至此,她的手彻底荒废了,一天不打人就痒得很。
要是也有男人向皇上求娶她…那就好了,就能光明正大的出冷宫了…
容超雄的声音都不像从前那般疾言厉色,缓缓说道:“江太医,哪怕是给我截肢了也好啊,再这么疼下去怕是能疼死人啊!”
江与彬还没说话,如懿抢在前头先出了声:“超雄!我不许你求他。这样急于求人,品行简直太低略了!”
训斥完还没忘了画饼:“放心,你的腿会好起来的。”
容超雄犹犹豫豫还想说点什么能挽回局面的话,可江与彬却没了耐心:“你家主儿都说了,腿自己会好的,我不便再插手了。”
容超雄好想说一句,她已经不是主子了,可是容超雄藏于心底的忠心不允许她说出这样的话。
惢心终于收拾好东西,和江与彬一左一右离开冷宫前,看着容超雄祝福道:“只能说,祝你成功吧。

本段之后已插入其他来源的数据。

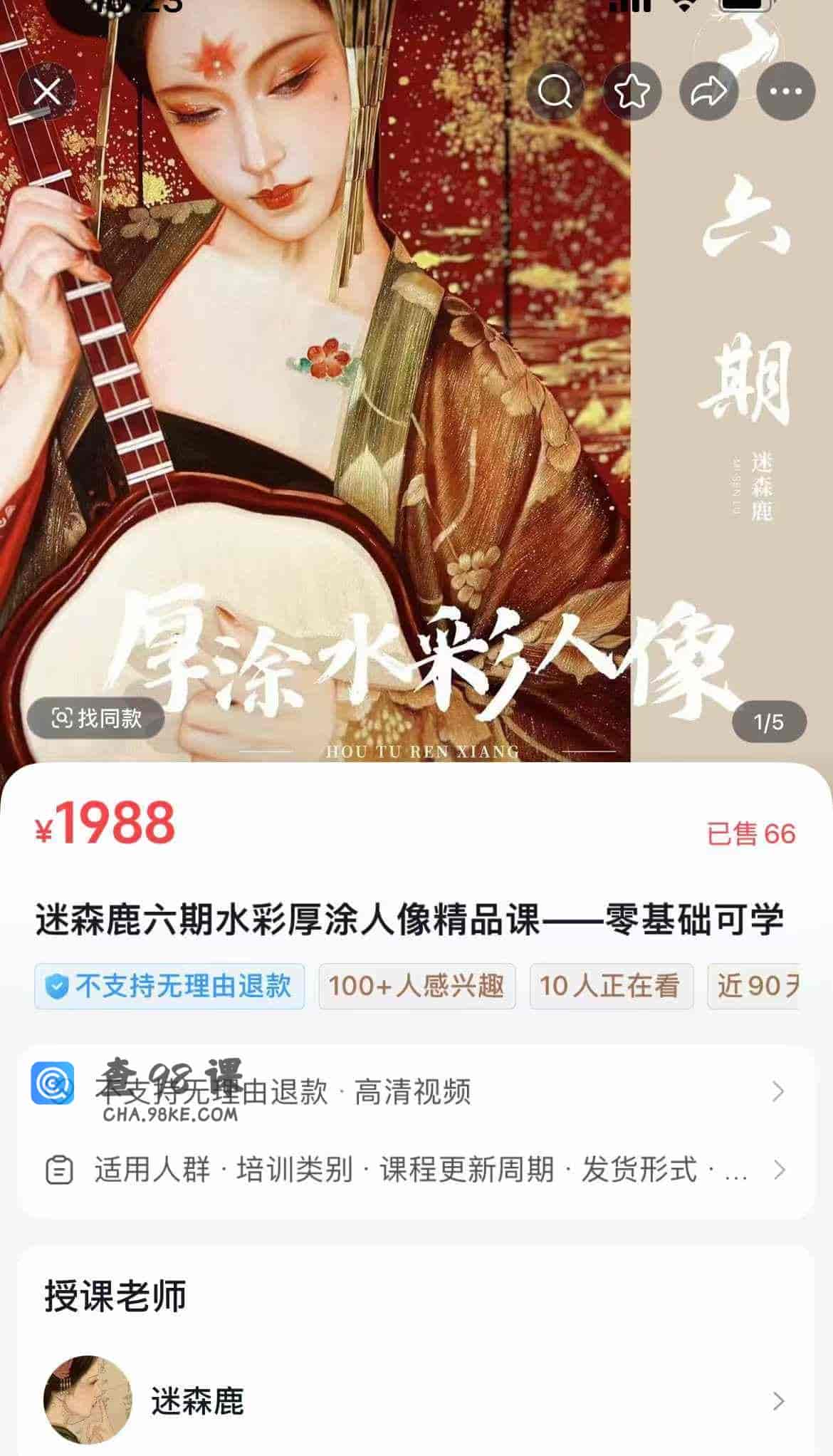 S3083    迷森鹿六期水彩厚涂人像精品课–零基础可学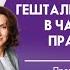 Возможности гештальт терапии в частной практике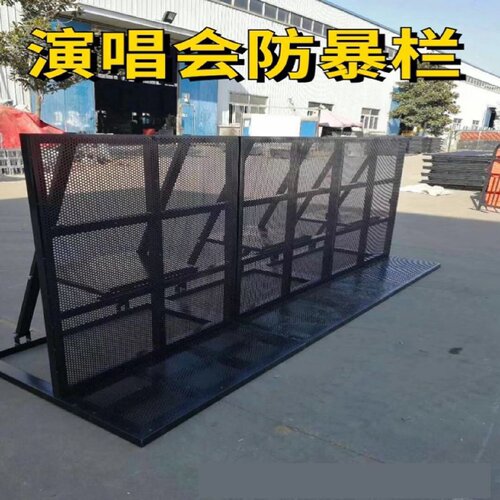 演唱会防爆铁马护栏户外演出移动折叠围挡安全隔离栏防冲击可拆卸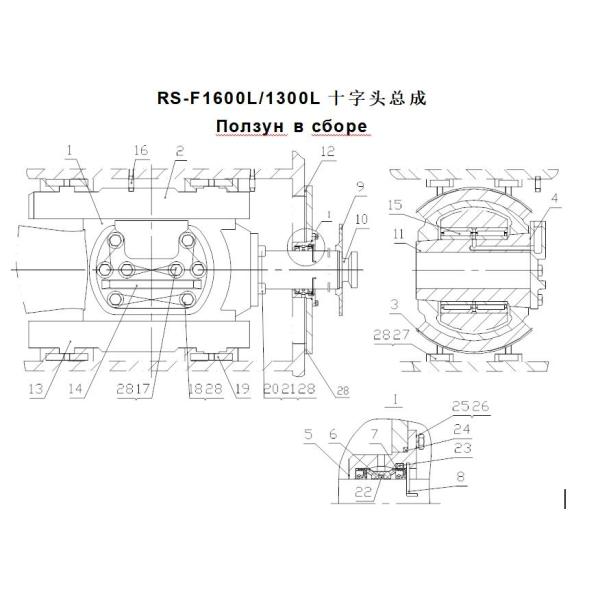 Rongsheng RS-W440 mud pump fluid end, Rongsheng F1600 mud pump liner, Rongsheng RS-F1300L mud pump piston, F1600 pump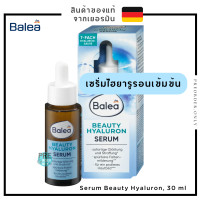 ราคา เซรั่มบำรุงหน้าเติมความชุ่มชื้น Balea Serum Beauty Hyaluron 30ml New Package สินค้าของแท้จาก เยอรมัน (18851196093)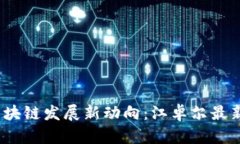 2023年区块链发展新动向：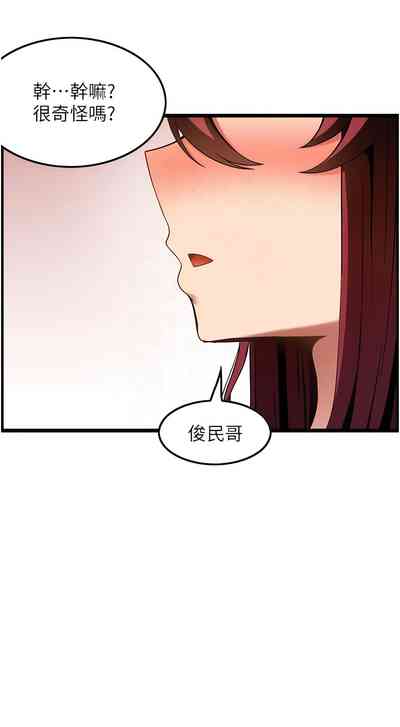 第443頁圖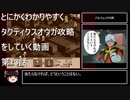 【タクティクスオウガ】攻略・解説動画　13話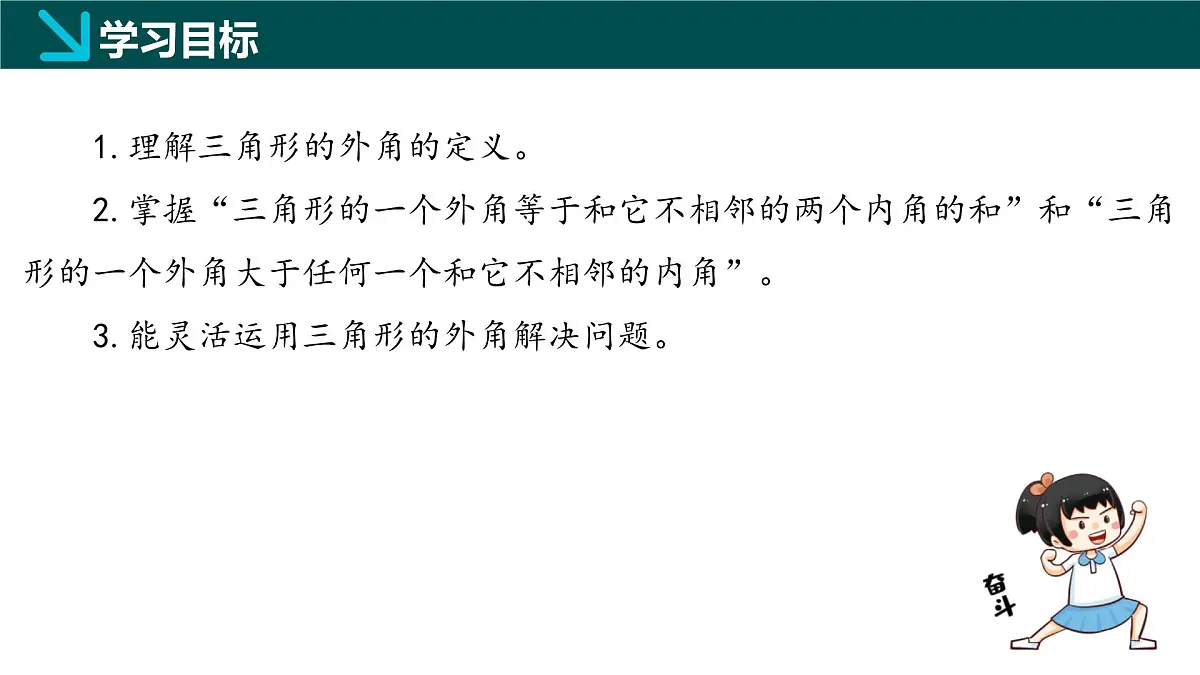 8.6三角形内角和定理（第2课时） 2025学年七年级数学下册（鲁教版五四制）课件第2页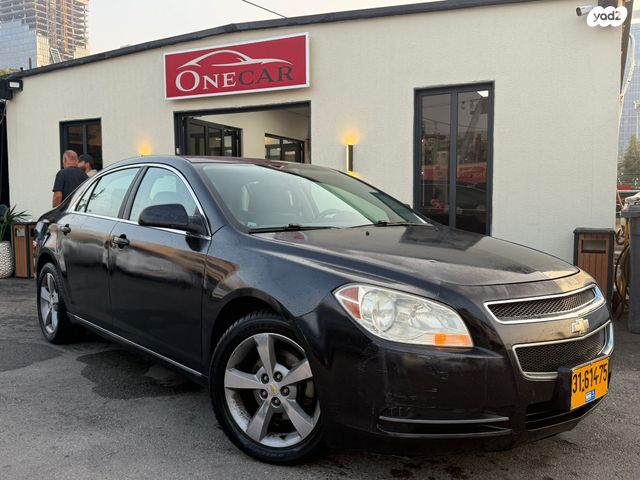 מודעת רכב שברולט מאליבו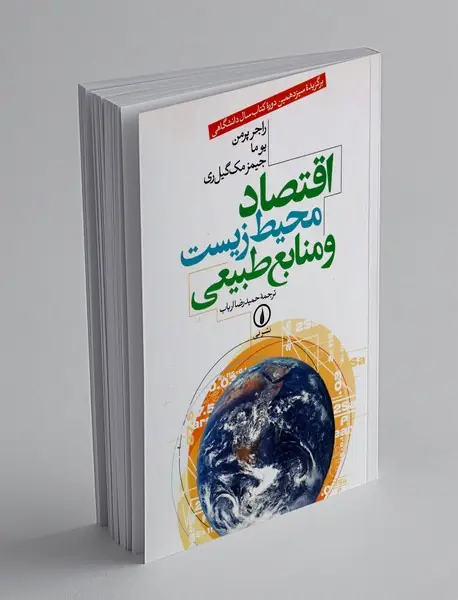 اقتصاد محیط زیست و منابع طبیعی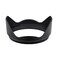 Nikon HB-112 Bayonet Lens Hood for NIKKOR Z DX 12-28mm f/3.5-5.6 PZ VR Lens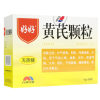 黄芪颗粒(好好)
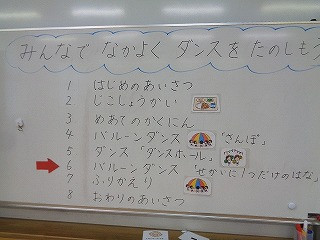 DSC02149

”
两人前脚刚走,门还没来的及落锁,如懿就看到了外面长街里那个熟悉的身影,是凌云彻在例行值守。
今是他值守的日子,可他却瘫在地上手里还抱了一罐子酒,喝的酩酊大醉。
如懿心疼的不行,连忙让容超雄把他拖进屋,说是要给他醒醒酒。
凌云彻感知到自己正被人拖着走,恍恍惚惚的睁开眼,映入眼帘的居然是堆成山的鞋垫子和靴子。